Creatures of Habit is an illustrated novel based on the Buffy the Vampire Slayer television series.

Story description

A new clubbing experience is emerging in Sunnydale. DJs are mixing up music, drugs, and blood. One of Spike's old friends is encouraging teens in Sunnydale at some underground raves. He hopes to transform the way vampires can experience the joys of blood-drinking. Buffy and the Scooby Gang try to stop this euphoric feeding, before it is too late for Dawn and others.

Continuity

Supposed to be in Buffy season 6, before Withdrawal.

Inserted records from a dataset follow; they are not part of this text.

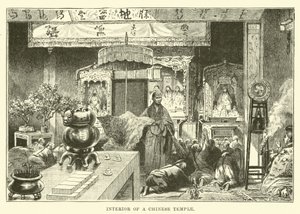 Innenraum eines chinesischen Tempels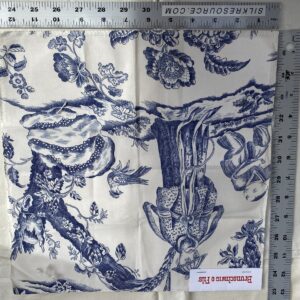 Brunschwig & Fils  Marcel Print Navy Cotton Blue and White MSRP USD242/y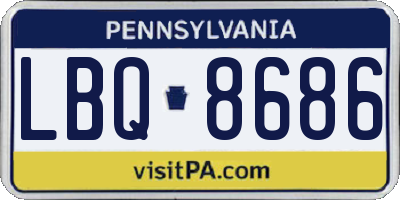PA license plate LBQ8686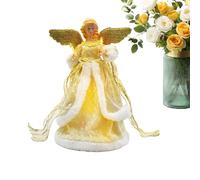 Christmas Tree Topper - Gold Dress Angel | 3D Doll Decoration with Elegant Design, Apartment Dorm Accent, Living Room, Kitchen Style, Bedroom, Hotel, Backyard and Seasonal Accessory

Takes place after the TV episode "Life Serial" and before the episode "Once More, With Feeling".  Buffy has recently come back to life, Giles has returned upon learning this, and Spike is the only one aware that Buffy had been in some kind of heaven, not hell, dimension prior to being brought back by the Scooby Gang.

Canonical issues

Buffy comics such as this one are not usually considered by fans as canonical. Some fans consider them stories from the imaginations of authors and artists, while other fans consider them as taking place in an alternative fictional reality. However unlike fan fiction, overviews summarising their story, written early in the writing process, were 'approved' by both Fox and Joss Whedon (or his office), and the books were therefore later published as officially Buffy merchandise.